‘If he can’t be in politics,’ the Archbishop of Canterbury tweeted last week after Tim Farron resigned the leadership of his party, ‘media & politicians have questions.’
So prelates now think complex theological concerns can be despatched within the Twitter limit of 140 characters. They cannot. Let me now unpack Dr Welby’s abbreviated consideration of this subject and examine what’s behind it, because the subject is of profound importance —and not only for Christians.
Nobody has said Mr Farron can’t be in politics. He has been returned as MP for Westmorland and Lonsdale with the support of 26,686 voters. Farron himself, however, has doubted he should be leader of a party with a long and prominent tradition of supporting homosexual equality and the rights of women to terminate a pregnancy, while continuing to believe that these are sins in the eyes of God.

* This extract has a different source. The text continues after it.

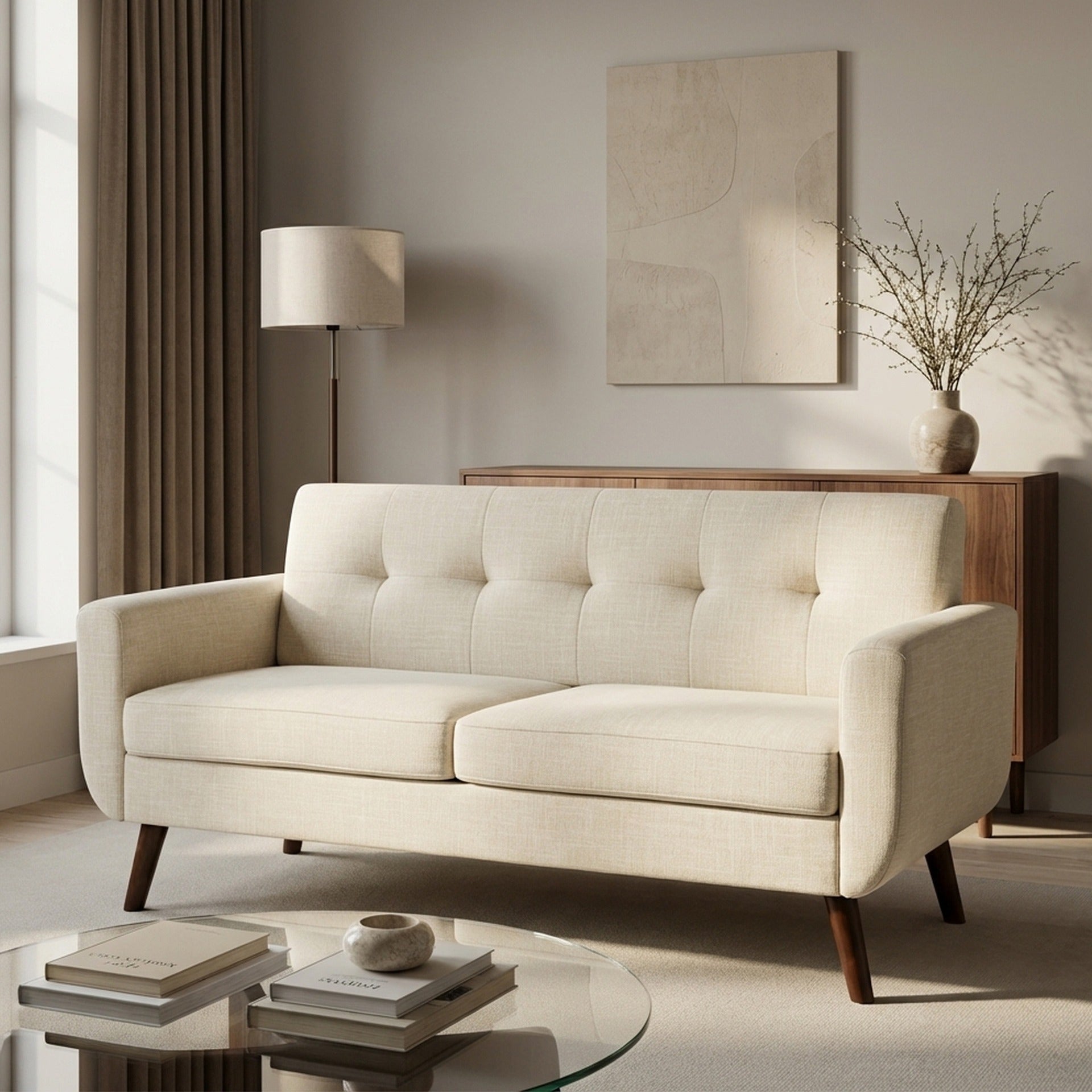 Vibe 2 Seater Sofa - Beige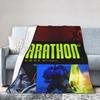 Game Marathon Blanket Cozy Soft Throw Blankets for Bed 50x60 Inch Multiple Sizes Bedding Throws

His doubts are understandable. It’s just a pity that he — and, by implication, the Archbishop of Canterbury — should have couched them in the suggestion that he has been victimised for his faith. After millennia of persecuting other people for their lack of faith, wrong kind of faith, or apostasy, the Church has recently taken to complaining that because some of its teachings are now widely regarded as silly or wrong, Christians themselves are being persecuted. They are not. They’re being judged silly and wrong. They are getting the electorate’s cold shoulder. They remain free to test their beliefs in any election they choose. The rest of us remain free not to vote for them. Nobody is victimising anybody.
But Mr Farron was also raising a more interesting question. An amused Lord Melbourne, Queen Victoria’s first prime minister, and a Whig as it happens, put it in his characteristic cheeky style when he observed that ‘things have come to a pretty pass when religion is allowed to invade public life’.